Mr. HAY and Mr. WIRT replied and enforced the same arguments which Mr. Hay had before used. They particularly observed, that it was presumable, that an argument which occupied two whole days in delivery to the court must have required considerable labour and reflection to arrange and digest it, and that it was unreasonable to suppose that such an argument could be fully comprehended by a preparation of one day; that five or six gentlemen of great professional experience were united in the defence; that this motion might be considered a mere "ruse de guerre," that they sprang on the counsel for the United States as from an ambuscade; that the mere consultation of the authorities relied on by their opponents, without further reflection, would require more time than those gentlemen were willing to allow them; that as it was so very important a question, as gentlemen themselves could not but admit, that if the motion succeeded there would be an end of the cause, the court must feel every disposition to grant the necessary time to enable the counsel to do justice to those whose interests they had engaged to support; that they could

not well conceive how gentlemen could reconcile to themselves to make any opposition to such a motion.

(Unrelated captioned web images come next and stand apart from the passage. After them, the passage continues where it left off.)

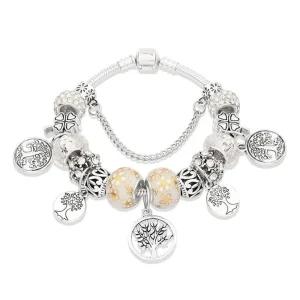 Bracelet Arbre de Vie Breloques Multiples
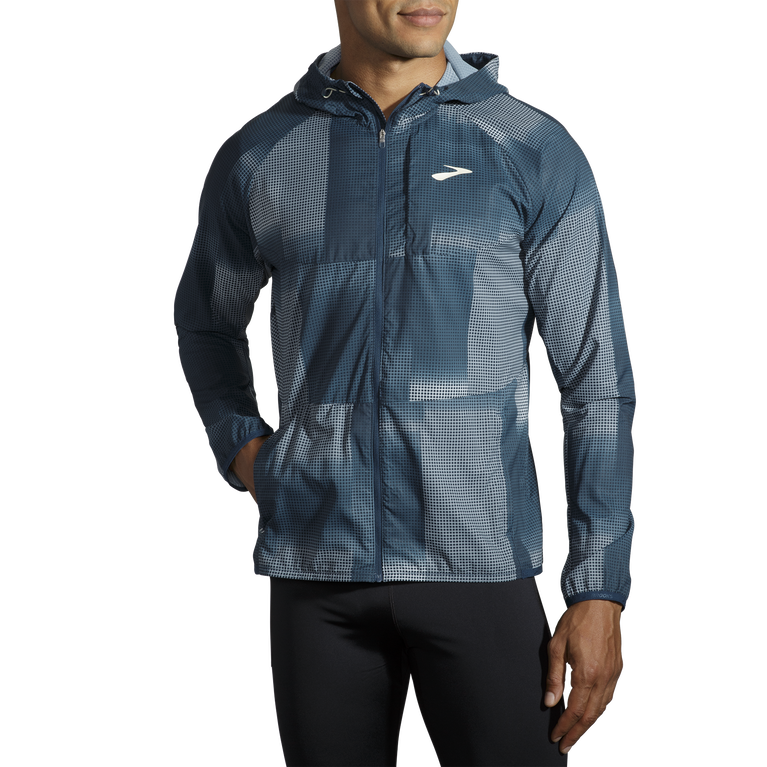 ז'קט חופה Brooks הדפס אינדיגו Rush גובה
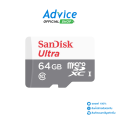 Micro SD 64GB SanDisk Ultra SDSQUNR-064G-GN3MN (100MB/s,). 
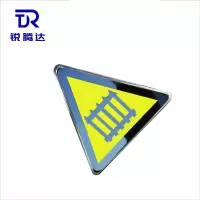 锐腾达 有人看守标志牌 600*600mm三角 铝板反光膜 配件 套
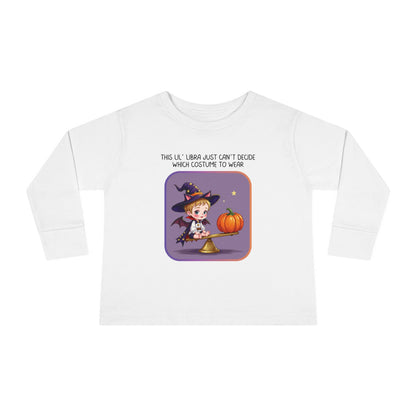 Halloween-themed Libra Long Sleeve Tee - Libra Fashion for Kids, Spooky Season Outfit, Boo-tiful Gift, Trick or Treat Shirt, Zodiac Gift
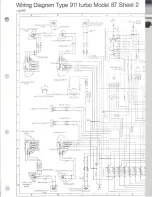 Preview for 103 page of Porsche 930 TURBO USA - 1976 CURRENT FLOW DIAGRAM Manual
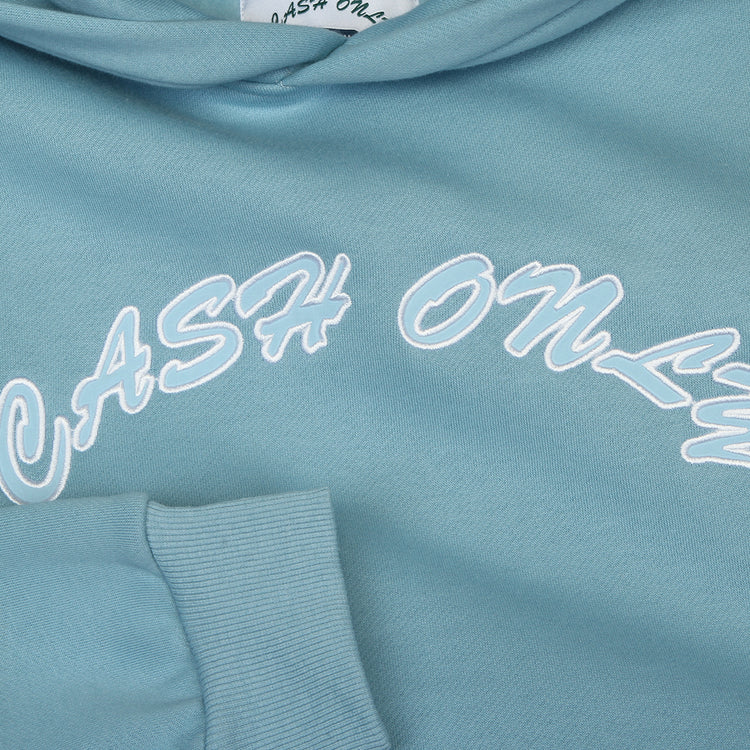 Cash Only - Ripstop Logo Applique Pullover Hoodie
Color : Sky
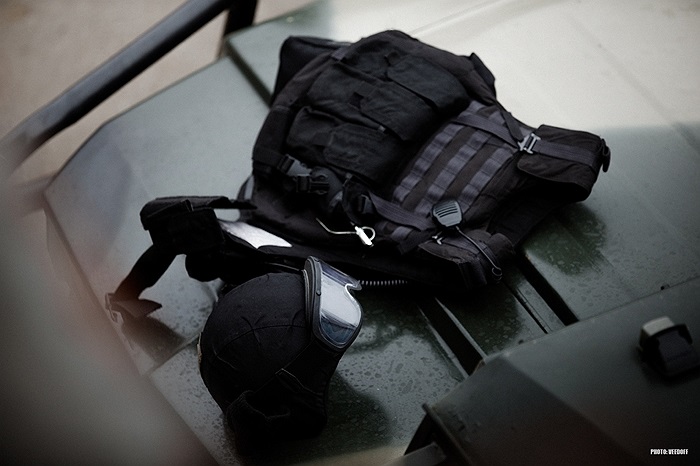 Mũ bảo hiểm và các trang thiết bị của đặc nhiệm Nga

The court granted the motion, and the argument was postponed till Monday accordingly.

The court then adjourned till to-morrow.

SATURDAY, August 22d, 1807.

The court met agreeably to adjournment.

The indictment against Herman Blannerhassett was read. Mr. BOTTS suggested that there was a misnomer in it, and as he had not had an opportunity since discovering it of consulting the gentlemen associated with him in the defence, he wished the arraignment of Mr. Blannerhassett to be postponed, which was done.

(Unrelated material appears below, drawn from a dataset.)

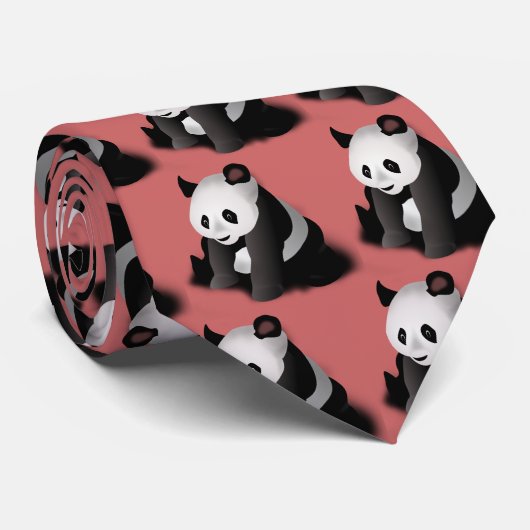 パンダのタイ ネクタイ (ロール)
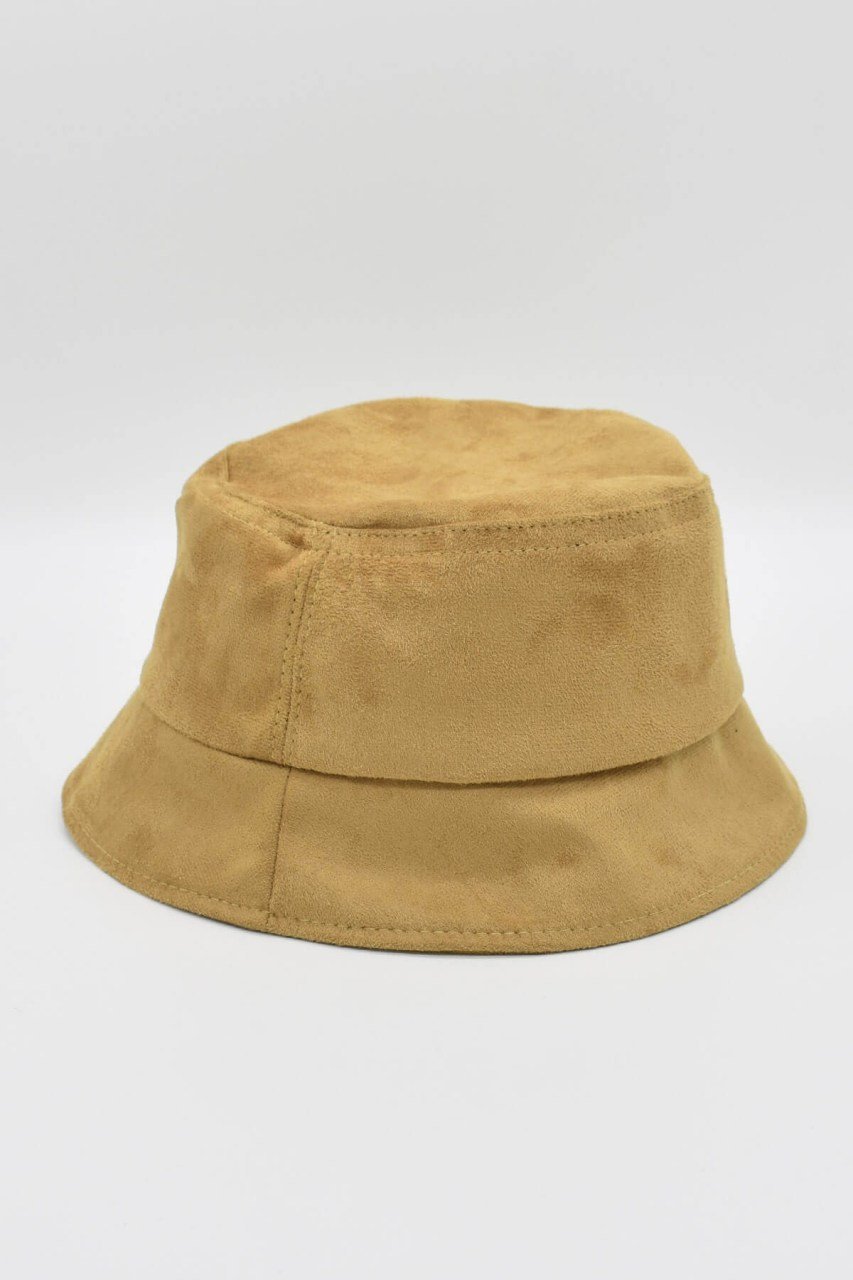 Kadın Camel Kadife Bucket Şapka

Mr. MARTIN said, that he would take this opportunity to refer the gentlemen to some other authorities on the points made by the accused,

Upon the right and duty of the court, to decide whether an overt act have been proved or proved by two witnesses, he cited Cowp. Rep. 112 to 117-12, 60: page 5. 4 State Trials 661. Idem 717.

To shew what authority an extrajudicial opinion ought to have with the court. Vaughan 382.

The court then adjourned till Monday next.

MONDAY, August 24, 1807.

As soon as the court met, Mr. RANDOLPH said that he would make one observation which he had omitted, concerning the constitution of the United States, as bearing on the point under consideration, that "the accused had thereby a right to know the nature and cause of his accusation;" that if this constitutional provision were ever to be enjoyed, it ought to be when an indictment was exhibited against him, involving his reputation and life; but this indictment gave him no such information. Instead of charging him with an act of procurement as an accessory, it misled him into a belief, that he would only be prose cuted for his own acts.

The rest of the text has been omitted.